Example: IQ as a Proxy for Ability

Suppose we have the following model:

\[ log(wage) = \beta_0 + \beta_1 educ + \beta_2 exper + \beta_3 abil + u \]

  • Ability is a vague concept and is unobservable.
  • What we are interested in are the effects on education and experience.
  • We do not care about the intercept.
  • We do not care about having a precise measure of ability, but only that it is correlated with the other variables.

Example: IQ as a Proxy for Ability

  • One possibility is to use IQ as a proxy for ability.
  • We do not need IQ to be a perfect measure of ability, but we do need it to be correlated with ability.

\[ log(wage) = \beta_0 + \beta_1 educ + \beta_2 exper + \beta_3 abil + u \]

  • In other words, what do we require of IQ?

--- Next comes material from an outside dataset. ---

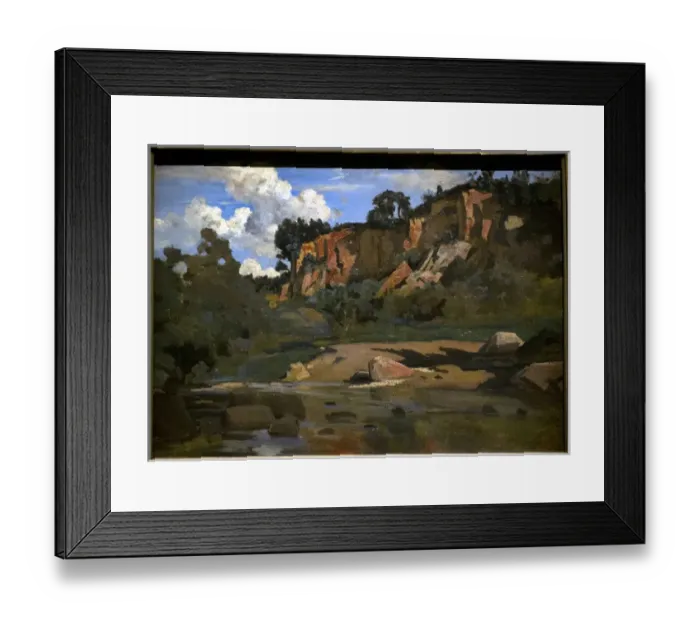 Framed Print : The Red Rocks at Civita Castellana, c. 1827, by Camille Framed Print : The Red Rocks at Civita Castellana, c. 1827, by Camille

\[ IQ = \delta_0 + \delta_1 abil + v \]

  • We need \(\delta_1>0\) or rather that \(Cov(IQ,abil)>0\).
  • Usually we think of a proxy being positively related.

Example: IQ as a Proxy for Ability

  • The proposal is that we just “plug in” IQ for ability.
  • So we have:

\[ log(wage) = \beta_0 + \beta_1 educ + \beta_2 exper + \beta_3 IQ + u \]

  • In order for this “plug-in” to work, we need to make sure that the error term is not correlated with IQ or that:

\[ E(u | educ, exper, abil) = 0 \]

  • And that the error term in the regression of IQ on ability is not correlated to education and experience.
  • This ends up being equivalent to:

\[ E(abil | educ, exper, IQ) = E(abil|IQ) = \delta_0 + \delta_1 IQ \]

  • The average level of ability only changes with IQ, not education or experience.
  • Is this reasonable? Is this true?
  • Maybe not all the way, but maybe close enough.

If you plug in the proxy regression into the population regression, you can show that you will get unbiased estimates of \(\beta_1\) and \(\beta_2\).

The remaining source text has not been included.